For several years I was working long, hard hours in consumer lending and subprime mortgage lending. I took the time to read "The Millionaire Next Door" in '96 or so, and it had a huge impact upon me. By the late 90's, I had saved up some money and was able to start my own mortgage company. I sold it a couple of years later for a nice little profit.

During that time, I also continued to put a little money away each paycheck into retirement investing. By the early 2000's, I had enough money and time to start getting more active in the markets. The broker I had been using during the years from '95 on (who my Godfather had introduced me to) was an older guy who was fairly conservative, so I didn't end up losing a ton of money when the dotcom bubble popped in 2000 or so. I had mostly been investing in many of the companies that had big local footprints in my area - energy, industrials, materials, etc - lots of integrated oil and gas companies, chemical plants, etc in my area. I had also made some nice money with a few bucks in Walmart and a little upstart computer company called Microsoft. 

So I started getting into things more in the early 2000's. I read "The Intelligent Investor", and also "Security Analysis", a couple of books by Peter Lynch, and also several of Jack Schwager's "Market Wizards" books, and later "How To Make Money In Stocks" by William O'Neill.

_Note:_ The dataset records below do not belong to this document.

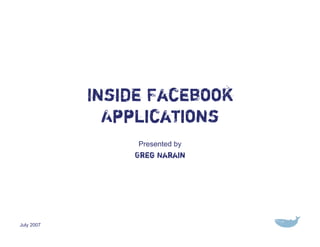 Inside Facebook
              Applications
                 Presented by
                Greg Narain




July 2007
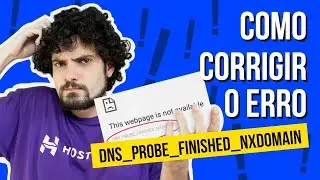 ⚙️ Dns_probe_finished_nxdomain ⚙️ (2024) COMO CORRIGIR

In more recent years, I've really learned a lot from books written since the crash such as "The Quants" and "More Money Than God"

The first couple of years of the 2000's were pretty tough, so I learned quite a bit from experience. Nothing teaches you better than losing a little money early on.

A couple of other things happened during this time. My father's 80-something father died, then my father died suddenly a while later while still in his 50's. I ended up inheriting parts of several properties along with other family members. I also inherited my father's debts, unfortunately, and had to sell off his assets. Luckily property values were quite high in my area at that time, and I was able to realize a nice profit on my Dad's assets.

After several years of this semi-retirement where I was basically a full-time investor, I realized that I wasn't yet quite wealthy enough to live off my own money and also have the kind of lifestyle I desired. I went back to work for another finance company for about half a year, then went on to a bank for about a year, before finally ending up working for a large broker dealer as an investment advisor / broker for a number of years.

During this time, I learned that a couple of those properties I had inherited parts of with several other relatives had turned out have a fair amount of oil and gas under the ground. This turned out to be a great thing for us!

After a few years as a retail broker / investment advisor, I decided to strike out on my own. I have managed to minimize red tape and regulatory headaches by limiting my practice to a fairly small number of accredited investors. Mostly fairly wealthy to very wealthy retirees and late-career small business owners who invest pretty conservatively for the most part.


What is your current investing style? What kind of returns are you seeing?

I suppose you could best describe my personal investment style as multi-strategy. 

Just to put things into perspective, I am an accredited investor myself. I say this not to boast, but to give others a sense of perspective. I have mentioned in the forum that I have over 1000 long stock positions at any given time. I also have a couple hundred other positions at any given time - put and call options, short stock positions, a handful of commodities ETFs, a few mutual funds in my retirement account, a handful of other investments at any given time such as REITs, a few higher yielding bonds and other debt instruments here and there, etc. 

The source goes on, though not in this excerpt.